Now regardless of what you think about the timeless tradition of choosing a song of summer, or of Stereogum readership, or of Drake’s “One Dance”, we can all agree Angel Olsen is having a moment, a moment that is suddenly being shared with everyone. Her 2010’s contemporaries would never, or more than likely, could never, dream of being voted with the song of summer. Marissa Nadler? Too ethereal. Sharon Van Etten? Too emotionally dense. Julia Holter? She got close last year but even her music skews too orchestral to fully grasp the the carefree joys of summer. And going down the line there are artists who are either too extreme in their mass appeal (St. Vincent, Courtney Barnett) or not extreme enough (Jessica Pratt, Julien Baker) to capture just how unique this position is. Find me something she’s released that shimmers with such dizzying brightness and radio worthiness while still capturing the essence of her music. That song just doesn’t exist. And suddenly, for better or worse, Angel Olsen is beginning to belong to everyone.

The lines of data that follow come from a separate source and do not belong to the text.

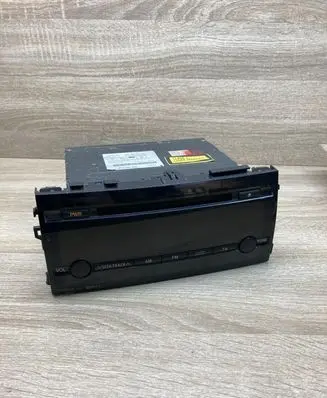 Toyota Prius (XW20) Radio/CD/DVD/GPS head unit 8612047110 CQMS0370A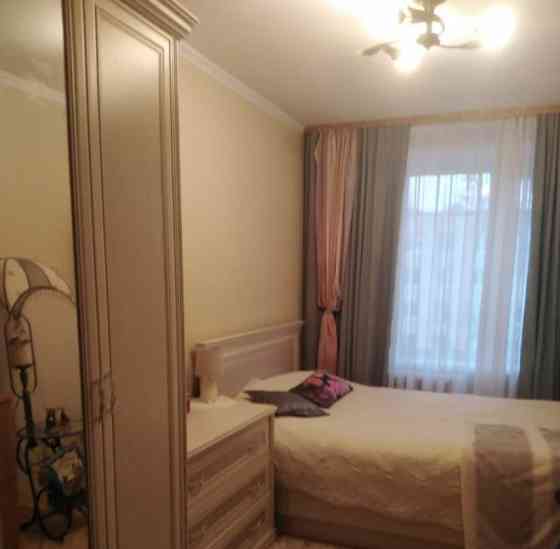 3-комн. квартира, 56 м2, 4/5 эт. Санкт-Петербург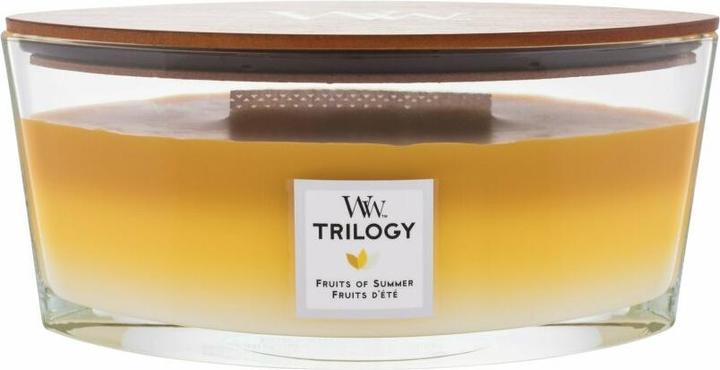 Produktbild WoodWick Fruits of Summer (453.60 g)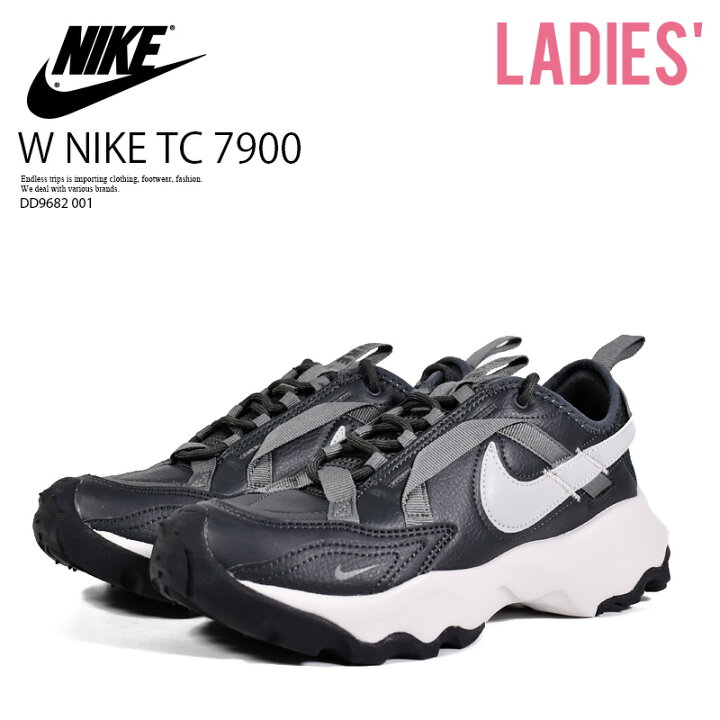楽天市場】NIKE (ナイキ) W NIKE TC 7900 (ウィメンズ TC 7900  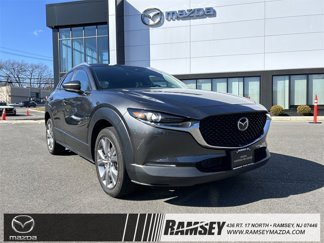 Certified 2022 MAZDA CX-30 AWD 2.5 S w/ Select Package image 1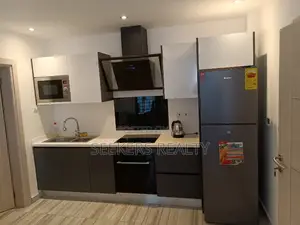 Furnished 1bdrm Apartment in Seekers Realty, Osu for rent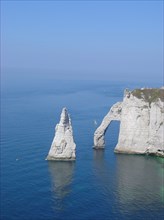 Falaises d'Etretat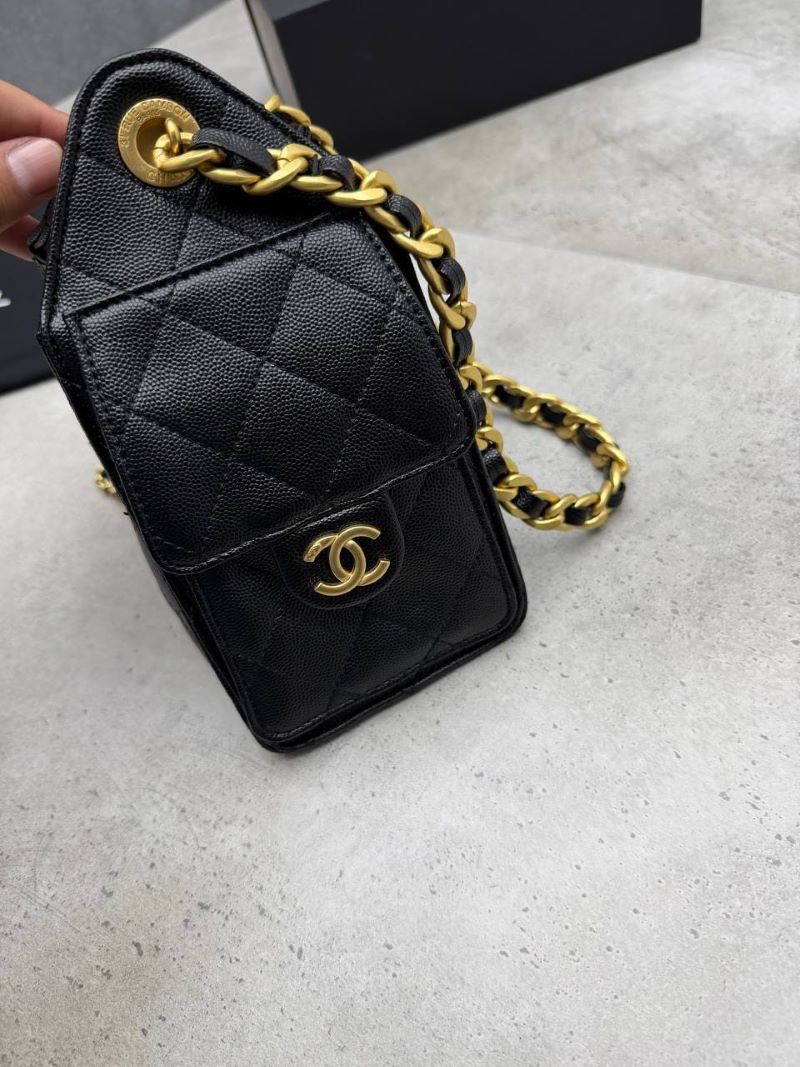 CHANEL BAG (COMES WITH BOX) - Image 8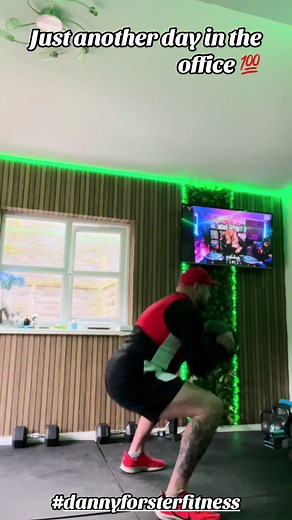 Go for it 🏋️‍♂️💥🧠💪 #letsgo #motivationalvideo #personaltrainer #dannyforsterfitness #fmp
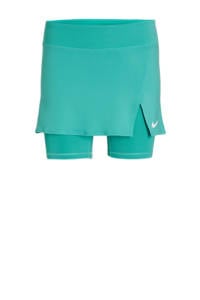 Nike sportskort turquoise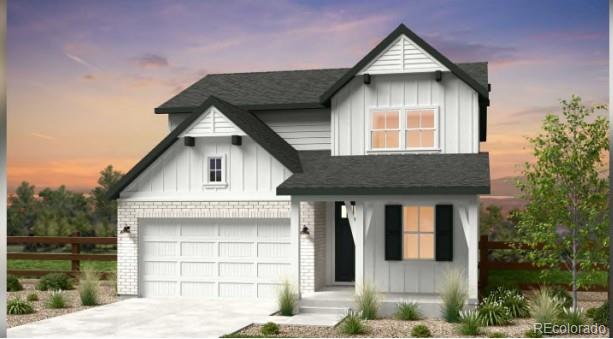 8701 Pennycress Dr, Littleton, CO 80125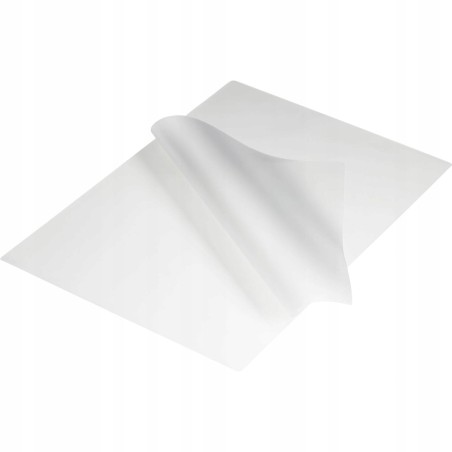 Dahle Folia do laminowania DIN A4 125 micron błyszcząca 100 szt.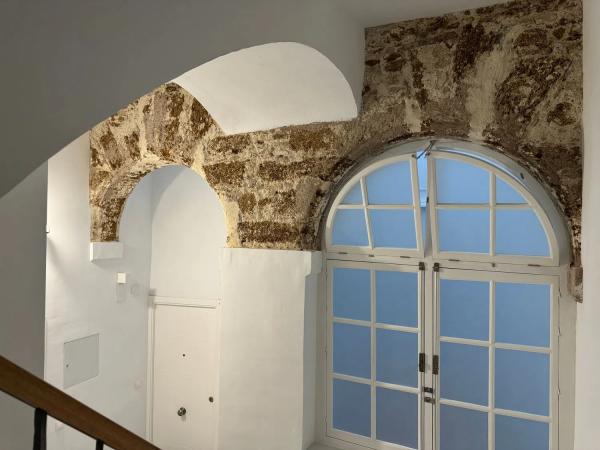 Dúplex en venta en Beato Diego de Cádiz, 16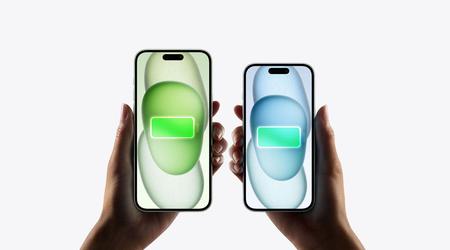 80 Prozent, 85 Prozent, 90 Prozent, 95 Prozent oder 100 Prozent: Apple wird mit iOS 18 die Batterieladegrenze für das iPhone 15 und iPhone 15 Pro festlegen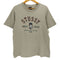 ステューシー Stussy 90S 紺タグ USA製 袖裾シングル ロゴ クルーネックTシャツ メンズ import:L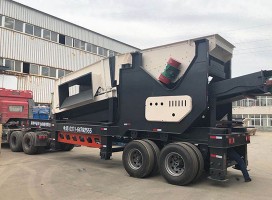 鄭州中意礦機(jī)鄂破，打造破碎機(jī)工藝技術(shù)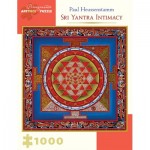 Pomegranate-AA931 Paul Heussenstamm - Sri Yantra Intimacy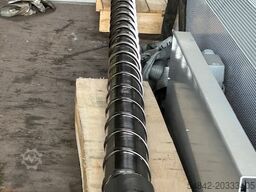 ENGEL Schneckenzylinder 4550/5550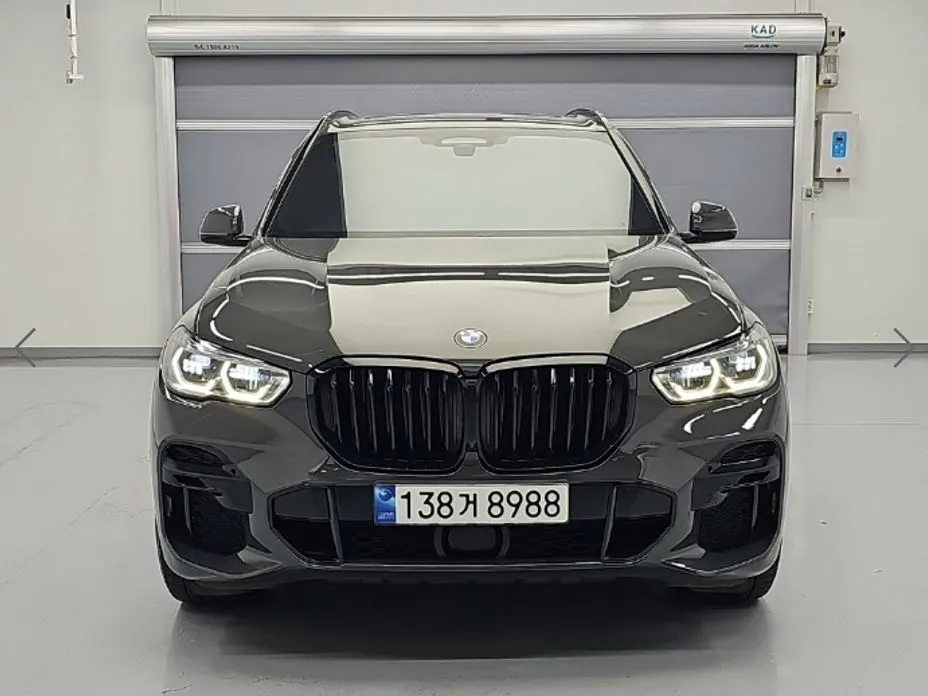 BMW X5 — фото 2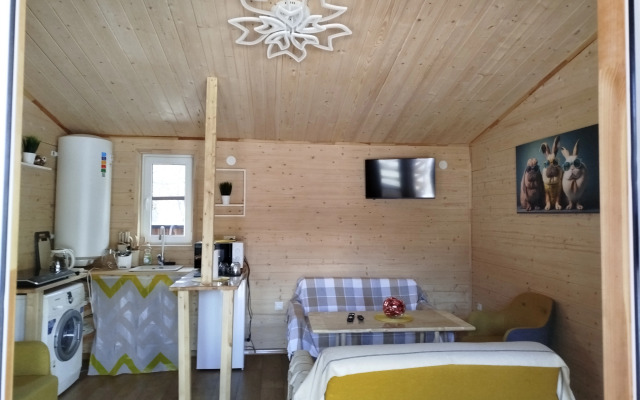 Гостевой дом D/A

“Shut Up Kiss Me”’s steady near-monosyllabic chorus of “Shut up, kiss me, hold me tight” (or to the common untrained ear, “Shutupkissmeholdmetight”) is one of many memorable but reflexively raw expressions of love spread out across Olsen’s masterful MY WOMAN. “Shut up, kiss me, hold me tight” becomes the songs repeated chorus, and one that is not a to be taken lightly. Olsen regularly finds herself having to repeat just to get the point across both to herself and to us. “You’ll never be mine” she spats over and over again on “Never Be Mine”. “Will you ever know the same love that I’ve known”, she forces out on “Those Were The Days”. Perhaps the most powerful and telling parrot comes on the album’s crown jewel “Sister”, where an unrestrained Olsen fights tears to admit to us: “All my life I thought I’d change.”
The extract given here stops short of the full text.